Expected output: no unexpected divergence for reasonable SAMPLE_RATE or a logged divergence if sample rate is too coarse.

Common Issues & Solutions (time: ongoing)

  • Warm-up effects: JIT can make hotspots appear or disappear during warm-up. Solution: include warm-up runs; prefer tools like JMH (Georges et al., 2007).
  • Measurement noise: other processes, CPU frequency scaling, or thermal throttling distort results. Solution: isolate CPU, set governor to performance, run multiple iterations.
  • Incorrect caching: caching stale values can break correctness. Solution: choose sampling frequency based on acceptable error and add sanity checks.
  • GC pauses: frequent allocations in profiling/instrumentation can change performance. Solution: minimize allocations in hot paths and run with suitable heap settings.
  • Overfitting to a microbenchmark: an optimization that wins on a synthetic test may regress in real workloads. Solution: validate on production-like traces and end-to-end benchmarks.

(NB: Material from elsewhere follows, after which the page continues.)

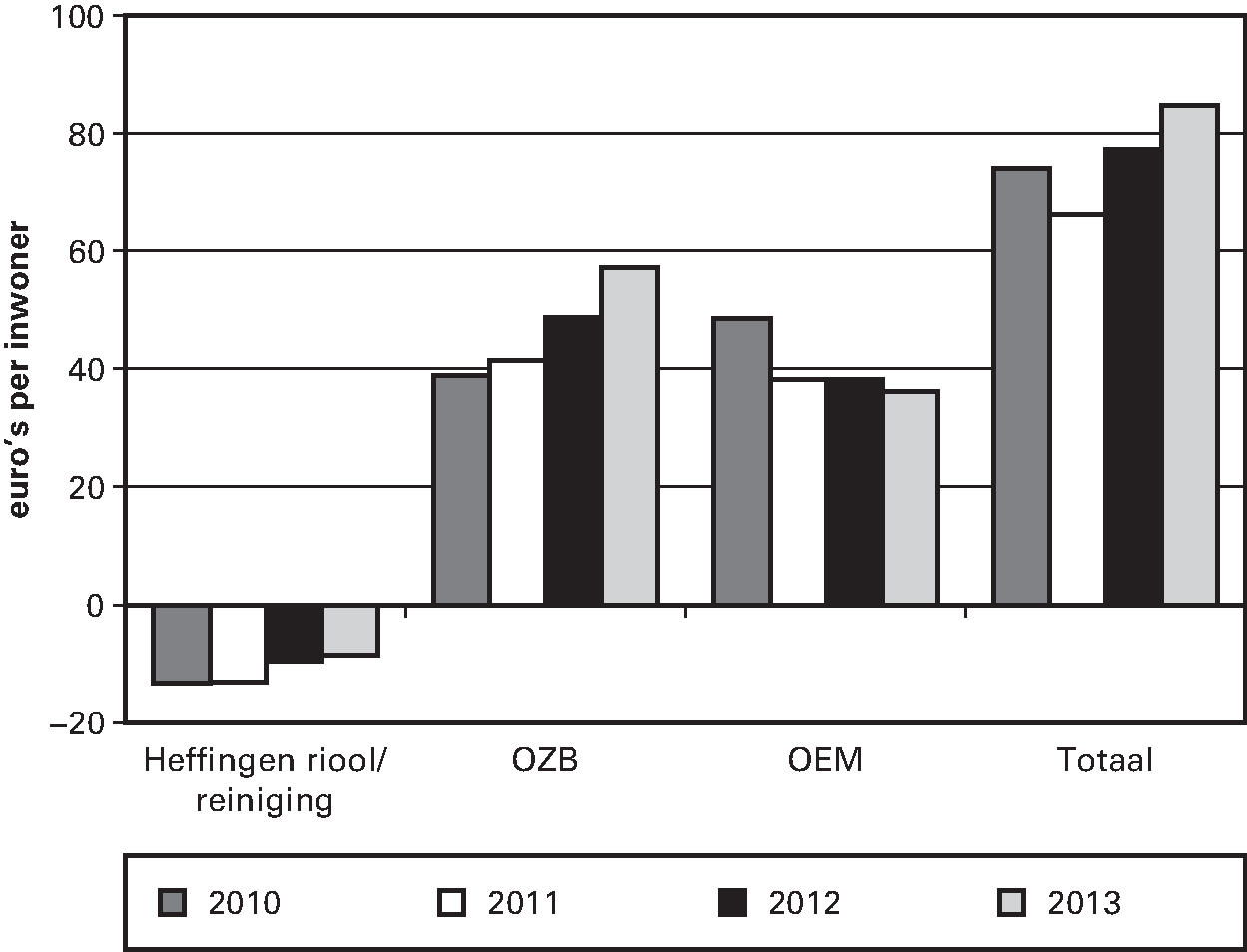 Figuur 3.3 Verschil tussen de feitelijke en veronderstelde netto inkomsten bij de clusters Riool, Reiniging, OZB en OEM (exclusief de mutatie reserves), 2010 t/m 2013 (euro's per inwoner; 368 gemeenten)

Next Steps / Further Learning (time: varies)

  • Integrate the fix into your codebase, add unit and performance tests, and deploy to a canary environment.
  • Learn more about profiling and flame graphs from Gregg (2013).
  • Read Hennessy and Patterson (2017) for deeper understanding of CPU caches and memory hierarchy effects.
  • Use JMH for rigorous Java microbenchmarks and to avoid common benchmarking pitfalls (Georges et al., 2007).

Recommended readings and citations

  • Gregg (2013) — flame graphs and sampling profiling techniques.
  • Georges, Buytaert, and Eeckhout (2007) — statistically rigorous JVM benchmarking methods.
  • Hennessy and Patterson (2017) — computer architecture (memory hierarchy implications).

Background: flame graphs are visualization of sampled stack traces showing hot call paths, popularized by Brendan Gregg.

Troubleshooting / Common Pitfalls (recap)

  • If you see little or no improvement: profile again — maybe the bottleneck was elsewhere (memory, I/O, or synchronization).
  • If correctness fails under load: reduce sampling interval or add stronger validation checks.
  • If improvement disappears under concurrency: consider thread-safety of your sampler, or a per-thread ThreadLocal sampler.

Final note: small textual changes matter when they eliminate tens of millions of expensive operations, but measurement and validation are the guardrails that separate anecdote from robust optimization. The QuestDB example (QuestDB, 2024) is a reminder: always profile before guessing, and validate across realistic workloads.

References

  • QuestDB (2024). “JVM current thread user time” blog post. https://questdb.com/blog/jvm-current-thread-user-time/ (inspired example).
  • bluestreak (2024). Hacker News discussion highlighting the 40-line fix.
  • Gregg, B. (2013). Flame graphs and performance analysis.
  • Georges, A., Buytaert, D., & Eeckhout, L. (2007). “Statistically Rigorous Java Performance Evaluation”.
  • Hennessy, J., & Patterson, D. (2017). Computer Architecture: A Quantitative Approach.